*** Record excerpts Section Begins ***

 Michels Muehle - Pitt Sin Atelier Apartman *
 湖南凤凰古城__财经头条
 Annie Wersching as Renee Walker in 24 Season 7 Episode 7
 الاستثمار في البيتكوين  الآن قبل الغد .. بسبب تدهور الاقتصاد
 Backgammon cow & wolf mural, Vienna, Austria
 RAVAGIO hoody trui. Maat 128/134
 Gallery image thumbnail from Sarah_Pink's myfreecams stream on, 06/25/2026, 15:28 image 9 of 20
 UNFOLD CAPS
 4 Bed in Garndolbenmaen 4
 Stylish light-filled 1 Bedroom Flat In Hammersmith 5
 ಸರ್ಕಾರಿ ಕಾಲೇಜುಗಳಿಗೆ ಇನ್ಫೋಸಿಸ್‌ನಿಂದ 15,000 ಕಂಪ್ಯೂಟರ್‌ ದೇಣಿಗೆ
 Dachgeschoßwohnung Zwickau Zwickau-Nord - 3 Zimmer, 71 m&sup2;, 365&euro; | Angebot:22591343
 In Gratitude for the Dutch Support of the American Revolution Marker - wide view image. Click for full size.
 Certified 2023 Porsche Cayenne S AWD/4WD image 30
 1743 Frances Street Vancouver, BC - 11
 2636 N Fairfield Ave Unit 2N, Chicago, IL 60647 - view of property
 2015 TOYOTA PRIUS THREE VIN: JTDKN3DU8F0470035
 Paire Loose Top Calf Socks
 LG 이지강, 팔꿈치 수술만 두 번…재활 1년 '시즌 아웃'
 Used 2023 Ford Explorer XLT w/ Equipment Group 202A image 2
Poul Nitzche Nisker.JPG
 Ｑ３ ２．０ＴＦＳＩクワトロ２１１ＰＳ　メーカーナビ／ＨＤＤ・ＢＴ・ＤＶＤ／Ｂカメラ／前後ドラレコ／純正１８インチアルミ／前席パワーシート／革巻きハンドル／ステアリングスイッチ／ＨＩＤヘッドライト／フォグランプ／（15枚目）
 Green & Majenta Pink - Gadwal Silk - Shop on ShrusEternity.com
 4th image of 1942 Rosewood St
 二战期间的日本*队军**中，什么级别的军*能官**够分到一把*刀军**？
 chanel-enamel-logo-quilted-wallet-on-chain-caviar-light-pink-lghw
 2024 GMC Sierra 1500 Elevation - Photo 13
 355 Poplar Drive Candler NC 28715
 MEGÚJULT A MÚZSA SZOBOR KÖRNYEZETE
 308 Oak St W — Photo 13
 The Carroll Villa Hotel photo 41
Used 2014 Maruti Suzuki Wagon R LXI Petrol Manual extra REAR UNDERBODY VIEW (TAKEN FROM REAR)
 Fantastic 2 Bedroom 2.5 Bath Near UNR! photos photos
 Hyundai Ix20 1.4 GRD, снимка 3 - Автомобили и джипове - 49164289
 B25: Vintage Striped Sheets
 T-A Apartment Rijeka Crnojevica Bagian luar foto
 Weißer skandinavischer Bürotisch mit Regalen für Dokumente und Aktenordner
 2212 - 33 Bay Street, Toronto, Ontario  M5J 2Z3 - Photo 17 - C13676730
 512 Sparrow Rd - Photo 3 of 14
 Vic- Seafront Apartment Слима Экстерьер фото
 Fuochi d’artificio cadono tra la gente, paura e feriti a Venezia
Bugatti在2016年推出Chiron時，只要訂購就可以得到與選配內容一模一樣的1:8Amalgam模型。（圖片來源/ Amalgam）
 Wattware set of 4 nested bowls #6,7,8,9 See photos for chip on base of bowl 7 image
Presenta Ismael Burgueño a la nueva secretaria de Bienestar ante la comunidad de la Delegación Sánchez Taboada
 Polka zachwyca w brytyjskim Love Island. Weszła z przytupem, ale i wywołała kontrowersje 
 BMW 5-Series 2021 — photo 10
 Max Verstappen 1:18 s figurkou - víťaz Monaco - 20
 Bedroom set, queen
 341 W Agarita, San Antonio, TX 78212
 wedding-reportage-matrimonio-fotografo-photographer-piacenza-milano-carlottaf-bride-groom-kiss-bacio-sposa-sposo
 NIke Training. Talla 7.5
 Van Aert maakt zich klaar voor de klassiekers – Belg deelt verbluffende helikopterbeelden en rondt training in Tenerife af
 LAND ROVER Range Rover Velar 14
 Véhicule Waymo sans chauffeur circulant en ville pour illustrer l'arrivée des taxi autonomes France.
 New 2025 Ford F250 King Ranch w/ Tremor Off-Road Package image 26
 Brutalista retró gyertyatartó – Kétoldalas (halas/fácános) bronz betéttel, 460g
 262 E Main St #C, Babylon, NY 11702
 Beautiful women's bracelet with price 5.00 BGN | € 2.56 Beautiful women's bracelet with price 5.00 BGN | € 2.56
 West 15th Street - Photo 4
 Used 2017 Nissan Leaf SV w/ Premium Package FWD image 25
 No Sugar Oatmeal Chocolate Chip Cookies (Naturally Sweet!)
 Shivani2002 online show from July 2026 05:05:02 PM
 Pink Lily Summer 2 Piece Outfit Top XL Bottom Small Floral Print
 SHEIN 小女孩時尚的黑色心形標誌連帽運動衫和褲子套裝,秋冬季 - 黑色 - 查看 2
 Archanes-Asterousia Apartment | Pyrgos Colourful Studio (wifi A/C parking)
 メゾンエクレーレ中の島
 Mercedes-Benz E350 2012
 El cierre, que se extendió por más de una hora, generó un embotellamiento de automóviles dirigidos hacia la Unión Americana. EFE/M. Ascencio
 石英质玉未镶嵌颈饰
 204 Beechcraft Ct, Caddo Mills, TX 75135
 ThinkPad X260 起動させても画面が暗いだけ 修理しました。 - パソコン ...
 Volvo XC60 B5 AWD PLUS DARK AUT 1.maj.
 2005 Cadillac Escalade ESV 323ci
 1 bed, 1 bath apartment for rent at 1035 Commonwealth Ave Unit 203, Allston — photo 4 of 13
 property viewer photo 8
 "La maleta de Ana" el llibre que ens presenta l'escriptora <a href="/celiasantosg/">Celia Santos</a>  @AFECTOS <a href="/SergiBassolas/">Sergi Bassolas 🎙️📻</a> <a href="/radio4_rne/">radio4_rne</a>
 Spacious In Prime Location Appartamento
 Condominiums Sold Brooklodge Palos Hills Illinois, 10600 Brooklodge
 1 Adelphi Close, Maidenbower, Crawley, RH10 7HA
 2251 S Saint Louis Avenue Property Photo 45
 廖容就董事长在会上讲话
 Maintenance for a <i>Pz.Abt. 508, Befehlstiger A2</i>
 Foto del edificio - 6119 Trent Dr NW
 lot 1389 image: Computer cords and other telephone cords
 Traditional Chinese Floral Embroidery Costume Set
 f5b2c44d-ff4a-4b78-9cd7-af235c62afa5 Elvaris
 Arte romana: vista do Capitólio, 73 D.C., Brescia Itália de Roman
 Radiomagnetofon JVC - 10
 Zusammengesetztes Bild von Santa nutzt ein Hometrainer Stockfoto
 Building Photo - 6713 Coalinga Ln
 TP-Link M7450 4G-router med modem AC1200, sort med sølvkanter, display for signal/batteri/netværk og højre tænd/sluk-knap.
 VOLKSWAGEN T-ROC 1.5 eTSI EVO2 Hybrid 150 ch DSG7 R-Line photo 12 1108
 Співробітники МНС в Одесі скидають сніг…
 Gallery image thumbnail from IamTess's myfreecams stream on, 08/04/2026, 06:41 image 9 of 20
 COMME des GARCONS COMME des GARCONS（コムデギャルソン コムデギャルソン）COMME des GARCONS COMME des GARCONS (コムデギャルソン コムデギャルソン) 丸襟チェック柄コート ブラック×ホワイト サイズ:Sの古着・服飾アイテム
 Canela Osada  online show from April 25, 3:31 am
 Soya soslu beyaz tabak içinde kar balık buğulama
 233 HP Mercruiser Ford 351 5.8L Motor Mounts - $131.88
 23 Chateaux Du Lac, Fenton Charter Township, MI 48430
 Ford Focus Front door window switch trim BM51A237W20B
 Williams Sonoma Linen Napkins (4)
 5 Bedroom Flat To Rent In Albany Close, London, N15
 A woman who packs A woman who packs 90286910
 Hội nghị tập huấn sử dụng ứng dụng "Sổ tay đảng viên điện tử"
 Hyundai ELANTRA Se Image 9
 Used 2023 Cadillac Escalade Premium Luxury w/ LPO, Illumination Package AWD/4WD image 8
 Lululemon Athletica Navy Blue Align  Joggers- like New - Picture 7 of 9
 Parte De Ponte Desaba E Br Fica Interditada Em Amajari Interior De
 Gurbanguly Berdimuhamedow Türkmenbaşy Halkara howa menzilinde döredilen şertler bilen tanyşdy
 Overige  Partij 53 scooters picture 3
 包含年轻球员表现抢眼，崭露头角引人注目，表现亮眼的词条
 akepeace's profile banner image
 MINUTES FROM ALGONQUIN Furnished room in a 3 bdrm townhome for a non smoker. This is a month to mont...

*** Record excerpts Section Ends ***

*Work to complete*. Return only the exact lines from the opening of the records through the line that contains "RAVAGIO hoody trui. Maat 128/134", both included.

*Result below*.
 Michels Muehle - Pitt Sin Atelier Apartman *
 湖南凤凰古城__财经头条
 Annie Wersching as Renee Walker in 24 Season 7 Episode 7
 الاستثمار في البيتكوين  الآن قبل الغد .. بسبب تدهور الاقتصاد
 Backgammon cow & wolf mural, Vienna, Austria
 RAVAGIO hoody trui. Maat 128/134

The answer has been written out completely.